It was indeed Mr. Justice Rehnquist.

But it serves to point up the fact that in the face of repeated expressions by this Court raising red flags at least as to the constitutionality of Section 610.

The court below instead of adopting a restricted interpretation of expenditure and the language of 610 for the purpose of influencing the nomination for election or the election to federal office, on the contrary, took a very expanded view so that there is no expenditure of any kind that could possibly come without the bond of the Act and the definition given by the majority of the court below.

Our view is, that in actuality there is a denial of the equal protection of the laws because beyond mere problems of corporate aggregations of wealth.

As Your Honors, I believe our well aware, there are some 50 entities that are not corporations which are traded to on the New York’s stock exchange and there are all these other entities that are equally involved in the robust vigorous discussion that Your Honors have said was necessary in order to protect First Amendment rights.

Byron R. White:

A moment Mr. Rome.

Edwin P. Rome:

Yes, sir.

Byron R. White:

If we were to disagree with your view of the scope of expenditures but agree that there was no implied right of action.

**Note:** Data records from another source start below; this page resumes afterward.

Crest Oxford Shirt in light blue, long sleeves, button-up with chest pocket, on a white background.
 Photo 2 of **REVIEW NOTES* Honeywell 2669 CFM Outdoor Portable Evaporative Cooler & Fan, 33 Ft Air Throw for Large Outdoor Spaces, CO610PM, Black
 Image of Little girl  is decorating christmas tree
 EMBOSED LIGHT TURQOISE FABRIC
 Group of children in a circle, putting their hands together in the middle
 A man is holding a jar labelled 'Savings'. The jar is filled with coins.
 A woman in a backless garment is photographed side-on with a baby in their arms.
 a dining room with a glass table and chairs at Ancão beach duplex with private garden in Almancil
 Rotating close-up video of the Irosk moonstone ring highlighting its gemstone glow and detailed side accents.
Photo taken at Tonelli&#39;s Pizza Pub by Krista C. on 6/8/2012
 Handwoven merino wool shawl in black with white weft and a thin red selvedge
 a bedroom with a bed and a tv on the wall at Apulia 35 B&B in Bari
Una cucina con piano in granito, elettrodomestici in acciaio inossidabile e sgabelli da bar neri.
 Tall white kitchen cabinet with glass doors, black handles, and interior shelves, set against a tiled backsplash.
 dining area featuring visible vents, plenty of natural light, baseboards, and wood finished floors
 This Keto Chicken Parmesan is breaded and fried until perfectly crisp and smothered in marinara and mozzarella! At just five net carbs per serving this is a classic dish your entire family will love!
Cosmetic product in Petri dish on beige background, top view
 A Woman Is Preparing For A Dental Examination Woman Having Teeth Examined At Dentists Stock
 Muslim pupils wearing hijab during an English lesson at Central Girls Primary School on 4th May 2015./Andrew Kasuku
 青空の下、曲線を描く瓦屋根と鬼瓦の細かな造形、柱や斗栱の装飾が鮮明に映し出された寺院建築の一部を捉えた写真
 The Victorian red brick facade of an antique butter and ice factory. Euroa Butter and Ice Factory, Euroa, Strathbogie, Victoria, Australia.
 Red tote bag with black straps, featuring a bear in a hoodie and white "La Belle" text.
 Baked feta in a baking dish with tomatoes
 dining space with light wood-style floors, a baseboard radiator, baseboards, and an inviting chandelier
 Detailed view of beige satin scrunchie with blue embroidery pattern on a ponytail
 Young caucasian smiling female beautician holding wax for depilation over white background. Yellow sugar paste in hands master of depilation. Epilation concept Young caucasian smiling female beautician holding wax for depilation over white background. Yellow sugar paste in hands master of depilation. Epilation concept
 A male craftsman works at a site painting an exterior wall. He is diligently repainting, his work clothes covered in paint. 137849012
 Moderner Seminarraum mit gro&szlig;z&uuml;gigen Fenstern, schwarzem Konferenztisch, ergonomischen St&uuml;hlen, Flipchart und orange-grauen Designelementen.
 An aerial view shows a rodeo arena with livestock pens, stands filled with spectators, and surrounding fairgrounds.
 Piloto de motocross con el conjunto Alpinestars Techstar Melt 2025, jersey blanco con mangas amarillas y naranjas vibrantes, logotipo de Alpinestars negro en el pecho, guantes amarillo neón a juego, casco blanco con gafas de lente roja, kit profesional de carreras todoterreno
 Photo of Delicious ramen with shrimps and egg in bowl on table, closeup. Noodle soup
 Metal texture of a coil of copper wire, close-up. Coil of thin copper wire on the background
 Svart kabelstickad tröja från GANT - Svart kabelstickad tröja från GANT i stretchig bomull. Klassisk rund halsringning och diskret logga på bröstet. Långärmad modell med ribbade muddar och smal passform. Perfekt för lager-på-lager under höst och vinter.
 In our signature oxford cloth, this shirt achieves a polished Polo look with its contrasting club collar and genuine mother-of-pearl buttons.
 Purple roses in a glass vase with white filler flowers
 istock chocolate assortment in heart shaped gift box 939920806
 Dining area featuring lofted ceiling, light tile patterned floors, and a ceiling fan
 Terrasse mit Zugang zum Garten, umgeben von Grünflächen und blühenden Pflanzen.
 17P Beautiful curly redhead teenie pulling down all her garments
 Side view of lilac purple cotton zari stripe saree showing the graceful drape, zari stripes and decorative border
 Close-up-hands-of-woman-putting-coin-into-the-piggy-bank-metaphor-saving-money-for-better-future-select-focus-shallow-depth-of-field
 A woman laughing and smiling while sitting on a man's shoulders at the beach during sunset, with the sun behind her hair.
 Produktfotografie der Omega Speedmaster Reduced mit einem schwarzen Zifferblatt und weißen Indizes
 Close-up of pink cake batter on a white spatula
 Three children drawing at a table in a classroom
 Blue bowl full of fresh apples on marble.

What happens to the constitutional question here?

Edwin P. Rome:

It is not then reached Your Honor.

If there is no implied right of action here —

Byron R. White:

That ends this lawsuit.

Edwin P. Rome:

Yes, it ends this lawsuit.

Yes, sir.

Byron R. White:

And you say the constitutional idea to some criminal prosecutions here?

Edwin P. Rome:

Except Your Honor, may I bring to your attention in that regard, the fact that the Amendment to the FECA of 1974 has created the Federal Election Commission which is intending to get under way.

We had a presidential election coming up and this comes within the language of Your Honor’s decision in the Cox Broadcasting case.

There are enormously important First Amendment rights which invite Your Honor’s determination now, rather than the fact which has been the case that for 18 years there has been a miasmic cloud over this entire subject as the result of which.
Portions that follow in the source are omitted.